Exercise prompt: Copy each of the records exactly.

◇ ◇ ◇ ◇

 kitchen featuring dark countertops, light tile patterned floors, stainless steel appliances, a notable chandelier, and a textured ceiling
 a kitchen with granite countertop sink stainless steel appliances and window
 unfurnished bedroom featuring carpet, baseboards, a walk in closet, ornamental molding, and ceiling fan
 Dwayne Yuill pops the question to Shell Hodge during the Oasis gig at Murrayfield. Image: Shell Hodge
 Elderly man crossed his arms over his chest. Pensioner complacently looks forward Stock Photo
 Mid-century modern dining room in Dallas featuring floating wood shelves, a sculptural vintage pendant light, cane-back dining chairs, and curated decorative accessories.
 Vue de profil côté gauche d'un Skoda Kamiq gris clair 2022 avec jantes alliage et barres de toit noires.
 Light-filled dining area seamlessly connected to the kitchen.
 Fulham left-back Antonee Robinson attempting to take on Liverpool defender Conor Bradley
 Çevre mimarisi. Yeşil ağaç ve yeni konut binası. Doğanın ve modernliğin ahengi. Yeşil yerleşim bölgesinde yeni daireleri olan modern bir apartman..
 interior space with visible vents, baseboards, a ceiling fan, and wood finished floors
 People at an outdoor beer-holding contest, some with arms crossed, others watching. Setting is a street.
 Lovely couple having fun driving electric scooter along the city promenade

◇ ◇ ◇ ◇

Exercise answer:
 kitchen featuring dark countertops, light tile patterned floors, stainless steel appliances, a notable chandelier, and a textured ceiling
 a kitchen with granite countertop sink stainless steel appliances and window
 unfurnished bedroom featuring carpet, baseboards, a walk in closet, ornamental molding, and ceiling fan
 Dwayne Yuill pops the question to Shell Hodge during the Oasis gig at Murrayfield. Image: Shell Hodge
 Elderly man crossed his arms over his chest. Pensioner complacently looks forward Stock Photo
 Mid-century modern dining room in Dallas featuring floating wood shelves, a sculptural vintage pendant light, cane-back dining chairs, and curated decorative accessories.
 Vue de profil côté gauche d'un Skoda Kamiq gris clair 2022 avec jantes alliage et barres de toit noires.
 Light-filled dining area seamlessly connected to the kitchen.
 Fulham left-back Antonee Robinson attempting to take on Liverpool defender Conor Bradley
 Çevre mimarisi. Yeşil ağaç ve yeni konut binası. Doğanın ve modernliğin ahengi. Yeşil yerleşim bölgesinde yeni daireleri olan modern bir apartman..
 interior space with visible vents, baseboards, a ceiling fan, and wood finished floors
 People at an outdoor beer-holding contest, some with arms crossed, others watching. Setting is a street.
 Lovely couple having fun driving electric scooter along the city promenade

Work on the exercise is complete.